DomainKeys Identified Mail (DKIM)
DomainKeys Identified Mail, or DKIM, allows your organization to claim responsibility for your email as part of the authentication process. It plays a role in how an Internet Service Provider, or ISP, knows it's really you that's sending your email. Technically, this means that DKIM validates a domain name identity through cryptographic authentication added to a DNS record. DKIM also allows a sender to identify a domain to be used by receivers to assign a sender reputation. Signing your email using DKIM is a recommended best practice industry-wide, and one of the key ways to ensure Inbox providers develop your domain's sender reputation profile. Basically, DKIM shows that your email is associated with your domain.
Litmus validates that the DKIM record in your domain's DNS zone is properly implemented and meets current DKIM specifications. Litmus also reports external authentication results from multiple inbox providers, to aid in the troubleshooting of intermittent issues in DNS or your sending infrastructure.
Check your Email Service Provider (ESP) for their DKIM guide. Your ESP will either sign the message for you or provide specific instructions to correctly enter the DKIM entry into your domain's DNS zone.
Domain-based Message Authentication, Reporting, and Conformance (DMARC)

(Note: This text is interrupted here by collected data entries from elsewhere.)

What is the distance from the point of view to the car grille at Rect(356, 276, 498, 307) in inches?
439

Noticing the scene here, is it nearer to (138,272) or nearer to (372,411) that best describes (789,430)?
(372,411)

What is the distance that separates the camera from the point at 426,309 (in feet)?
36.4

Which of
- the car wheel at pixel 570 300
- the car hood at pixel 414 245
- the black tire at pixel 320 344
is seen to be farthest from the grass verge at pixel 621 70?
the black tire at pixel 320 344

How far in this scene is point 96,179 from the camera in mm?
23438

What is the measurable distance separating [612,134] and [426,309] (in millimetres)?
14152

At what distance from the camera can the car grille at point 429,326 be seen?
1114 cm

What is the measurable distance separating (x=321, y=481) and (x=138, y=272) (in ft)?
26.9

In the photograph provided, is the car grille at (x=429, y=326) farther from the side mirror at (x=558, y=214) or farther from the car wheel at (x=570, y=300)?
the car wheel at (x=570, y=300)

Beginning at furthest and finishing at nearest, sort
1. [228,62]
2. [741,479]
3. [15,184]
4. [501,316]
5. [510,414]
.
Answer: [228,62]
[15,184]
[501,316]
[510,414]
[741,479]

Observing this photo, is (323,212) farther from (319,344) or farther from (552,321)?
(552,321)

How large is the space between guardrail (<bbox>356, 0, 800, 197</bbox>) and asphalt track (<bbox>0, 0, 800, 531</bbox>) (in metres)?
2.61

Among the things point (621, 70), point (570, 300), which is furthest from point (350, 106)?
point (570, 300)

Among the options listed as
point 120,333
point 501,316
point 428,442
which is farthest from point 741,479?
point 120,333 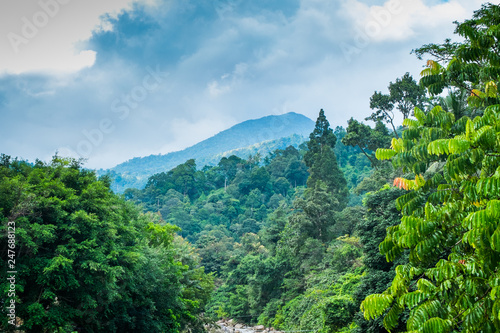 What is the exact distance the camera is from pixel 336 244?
25594 mm

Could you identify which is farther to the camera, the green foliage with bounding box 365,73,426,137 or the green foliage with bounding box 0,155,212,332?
the green foliage with bounding box 365,73,426,137

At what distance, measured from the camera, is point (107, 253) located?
44.4 ft

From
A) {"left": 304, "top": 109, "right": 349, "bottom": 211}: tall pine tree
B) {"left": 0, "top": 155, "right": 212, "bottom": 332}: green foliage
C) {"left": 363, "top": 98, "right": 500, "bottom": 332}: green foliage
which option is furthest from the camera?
{"left": 304, "top": 109, "right": 349, "bottom": 211}: tall pine tree

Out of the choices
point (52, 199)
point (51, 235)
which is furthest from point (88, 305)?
point (52, 199)

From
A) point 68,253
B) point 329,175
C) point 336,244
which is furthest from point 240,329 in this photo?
point 68,253

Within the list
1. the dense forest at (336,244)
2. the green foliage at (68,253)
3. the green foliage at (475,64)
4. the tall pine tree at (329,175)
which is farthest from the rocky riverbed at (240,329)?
the green foliage at (475,64)

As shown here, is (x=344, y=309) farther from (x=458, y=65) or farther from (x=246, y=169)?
(x=246, y=169)

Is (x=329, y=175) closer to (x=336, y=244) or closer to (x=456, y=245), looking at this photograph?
(x=336, y=244)

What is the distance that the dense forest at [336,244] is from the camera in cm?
361

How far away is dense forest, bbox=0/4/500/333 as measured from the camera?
3.61 meters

DMARC stands for Domain-based Message Authentication, Reporting, and Conformance. It serves as a method of authentication for your brand, alongside Sender Policy Framework (SPF) and DomainKeys Identified Mail (DKIM). What sets DMARC apart from the other two authentication methods is its reporting capability.
DMARC is an email authentication technology that protects a domain from being used in phishing and spoofing attempts by using a signing policy to define how receiving inbox providers should handle messages that fail an authentication check. DMARC also allows for a reporting mechanism in which inbox providers can send reports on email that appears to be sent from a certain domain back to the domain owner.

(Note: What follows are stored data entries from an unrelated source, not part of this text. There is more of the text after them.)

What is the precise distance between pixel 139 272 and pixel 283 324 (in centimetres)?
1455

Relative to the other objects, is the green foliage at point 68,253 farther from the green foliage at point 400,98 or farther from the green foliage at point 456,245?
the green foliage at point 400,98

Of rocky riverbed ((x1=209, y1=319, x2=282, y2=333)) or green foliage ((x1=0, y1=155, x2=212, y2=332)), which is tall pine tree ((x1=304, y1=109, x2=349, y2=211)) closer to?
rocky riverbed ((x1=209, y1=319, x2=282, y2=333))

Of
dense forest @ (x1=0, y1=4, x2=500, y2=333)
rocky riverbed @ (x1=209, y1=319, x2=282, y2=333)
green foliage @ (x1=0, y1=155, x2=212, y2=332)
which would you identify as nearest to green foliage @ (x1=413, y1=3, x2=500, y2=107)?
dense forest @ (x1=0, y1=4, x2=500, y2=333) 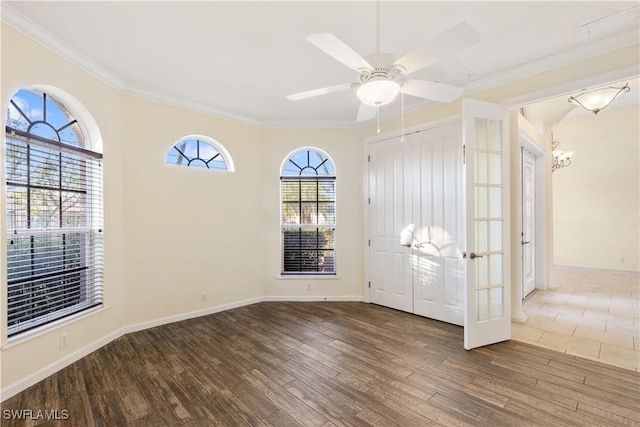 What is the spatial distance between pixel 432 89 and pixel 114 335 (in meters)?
3.91

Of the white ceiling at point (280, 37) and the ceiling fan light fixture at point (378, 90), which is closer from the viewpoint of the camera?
the ceiling fan light fixture at point (378, 90)

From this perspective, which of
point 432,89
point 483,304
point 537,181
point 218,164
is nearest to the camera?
point 432,89

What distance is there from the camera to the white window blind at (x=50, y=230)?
2295 millimetres

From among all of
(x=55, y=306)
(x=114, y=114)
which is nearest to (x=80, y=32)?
(x=114, y=114)

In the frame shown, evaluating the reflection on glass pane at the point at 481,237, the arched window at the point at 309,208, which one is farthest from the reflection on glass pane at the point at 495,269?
the arched window at the point at 309,208

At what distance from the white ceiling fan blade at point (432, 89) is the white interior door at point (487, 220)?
1.04 metres

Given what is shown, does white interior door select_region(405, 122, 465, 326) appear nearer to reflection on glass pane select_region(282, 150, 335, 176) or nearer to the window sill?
reflection on glass pane select_region(282, 150, 335, 176)

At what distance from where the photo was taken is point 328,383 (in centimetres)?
235

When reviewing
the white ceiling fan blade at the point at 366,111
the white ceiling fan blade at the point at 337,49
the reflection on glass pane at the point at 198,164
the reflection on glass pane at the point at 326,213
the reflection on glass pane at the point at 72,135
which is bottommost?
the reflection on glass pane at the point at 326,213

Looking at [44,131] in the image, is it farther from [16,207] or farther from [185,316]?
[185,316]

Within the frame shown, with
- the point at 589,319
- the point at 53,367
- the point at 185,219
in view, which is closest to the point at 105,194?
the point at 185,219

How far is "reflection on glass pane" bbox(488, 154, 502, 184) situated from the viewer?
122 inches

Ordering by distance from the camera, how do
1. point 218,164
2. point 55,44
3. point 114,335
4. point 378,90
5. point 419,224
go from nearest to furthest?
1. point 378,90
2. point 55,44
3. point 114,335
4. point 419,224
5. point 218,164

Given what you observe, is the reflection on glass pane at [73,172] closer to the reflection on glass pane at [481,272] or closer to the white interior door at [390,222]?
the white interior door at [390,222]
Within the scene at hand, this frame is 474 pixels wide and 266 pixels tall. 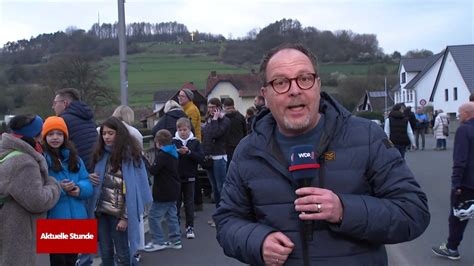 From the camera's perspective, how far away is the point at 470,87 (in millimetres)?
56219

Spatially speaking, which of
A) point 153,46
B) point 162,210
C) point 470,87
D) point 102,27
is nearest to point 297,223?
point 162,210

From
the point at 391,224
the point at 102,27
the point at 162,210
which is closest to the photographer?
the point at 391,224

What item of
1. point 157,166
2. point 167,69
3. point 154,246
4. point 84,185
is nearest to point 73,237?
→ point 84,185

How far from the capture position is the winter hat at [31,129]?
456 cm

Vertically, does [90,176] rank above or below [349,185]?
below

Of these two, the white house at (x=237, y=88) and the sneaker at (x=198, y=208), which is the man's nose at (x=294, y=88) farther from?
the white house at (x=237, y=88)

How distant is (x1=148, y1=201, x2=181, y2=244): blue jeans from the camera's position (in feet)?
25.8

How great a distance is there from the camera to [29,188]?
13.7ft

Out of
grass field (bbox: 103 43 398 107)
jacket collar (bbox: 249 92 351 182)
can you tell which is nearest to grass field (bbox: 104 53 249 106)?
grass field (bbox: 103 43 398 107)

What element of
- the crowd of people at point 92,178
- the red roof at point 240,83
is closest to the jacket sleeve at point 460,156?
the crowd of people at point 92,178

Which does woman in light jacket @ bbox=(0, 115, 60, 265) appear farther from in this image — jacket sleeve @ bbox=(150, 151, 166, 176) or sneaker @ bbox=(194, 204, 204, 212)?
sneaker @ bbox=(194, 204, 204, 212)

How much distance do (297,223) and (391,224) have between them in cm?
38

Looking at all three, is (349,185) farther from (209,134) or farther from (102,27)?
(102,27)

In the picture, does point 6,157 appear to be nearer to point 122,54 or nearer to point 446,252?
point 446,252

Inbox providers that support DMARC will attempt to validate both DKIM and SPF, and depending on the outcome of those checks, will look to the sending domain's DMARC policy on how to handle emails that fail authentication.
If the inbox provider is able to successfully validate either DKIM or SPF, the email will continue on its normal path. If the message fails both DKIM and SPF authentication checks, however, the inbox provider will enforce the sender’s DMARC policy, which specifies how the email should be handled if it fails authentication and where to send any reports. DMARC has three levels of policy:
- None: If the policy is set to none, the receiving inbox provider monitors and reports on metrics.

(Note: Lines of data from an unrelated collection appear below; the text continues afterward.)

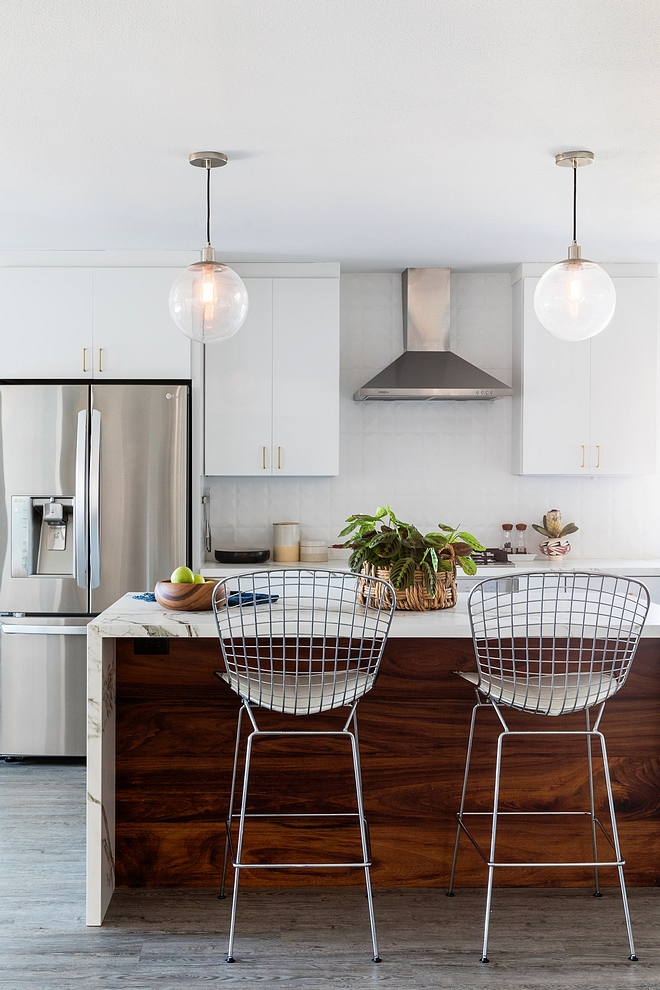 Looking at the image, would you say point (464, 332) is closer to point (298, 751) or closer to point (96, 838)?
point (298, 751)

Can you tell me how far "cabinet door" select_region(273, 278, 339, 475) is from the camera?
4602 mm

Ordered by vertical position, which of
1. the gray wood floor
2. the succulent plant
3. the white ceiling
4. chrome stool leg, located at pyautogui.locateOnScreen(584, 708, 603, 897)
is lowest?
the gray wood floor

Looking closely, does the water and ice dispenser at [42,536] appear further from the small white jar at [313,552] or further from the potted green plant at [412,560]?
the potted green plant at [412,560]

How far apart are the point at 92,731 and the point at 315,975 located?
926mm

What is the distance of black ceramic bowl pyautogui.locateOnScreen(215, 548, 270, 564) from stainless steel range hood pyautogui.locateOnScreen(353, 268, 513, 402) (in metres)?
1.02

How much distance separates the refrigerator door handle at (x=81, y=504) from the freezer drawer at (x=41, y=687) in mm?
273

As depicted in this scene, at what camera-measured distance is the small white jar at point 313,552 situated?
471 cm

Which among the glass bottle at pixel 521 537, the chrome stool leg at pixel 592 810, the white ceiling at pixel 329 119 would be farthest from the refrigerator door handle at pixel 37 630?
the chrome stool leg at pixel 592 810

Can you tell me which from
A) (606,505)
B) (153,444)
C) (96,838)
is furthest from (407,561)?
(606,505)

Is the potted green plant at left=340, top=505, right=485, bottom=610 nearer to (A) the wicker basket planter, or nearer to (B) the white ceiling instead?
(A) the wicker basket planter

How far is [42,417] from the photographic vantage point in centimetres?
427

- Quarantine: If the DMARC policy is set to quarantine, the inbox provider places messages that fail the required checks into the user's spam folder.
- Reject: If the policy is set to reject, the inbox provider will block any message that fails authentication.
The preferred policy type—once vetted for correct implementation—is 'p=reject' which provides the highest level of protection.
For an even deeper dive into DMARC, see our blog post DMARC: What It Is + How It Helps Protect Your Brand Against Email Fraud.
Litmus validates that the DMARC record in your DNS meets the required DMARC specifications. Litmus also reports the results of the record from multiple external inbox providers to help you troubleshoot intermittent issues.
Please note that Litmus checks your sending domain for your DMARC record. In some cases you may have your subdomain as your sending domain with the DMARC record only on the parent (organization) domain and this may result in an error being flagged on the test. Reach out to firstname.lastname@example.org in this case to confirm the results.
Check your Email Service Provider (ESP) for their DMARC guide. Your ESP may have detailed instructions for adding the correct DMARC entry as a text entry in your domain's DNS record. Given the impact an incorrect DMARC policy can have, you should consult with your ESP if you are unsure how to proceed.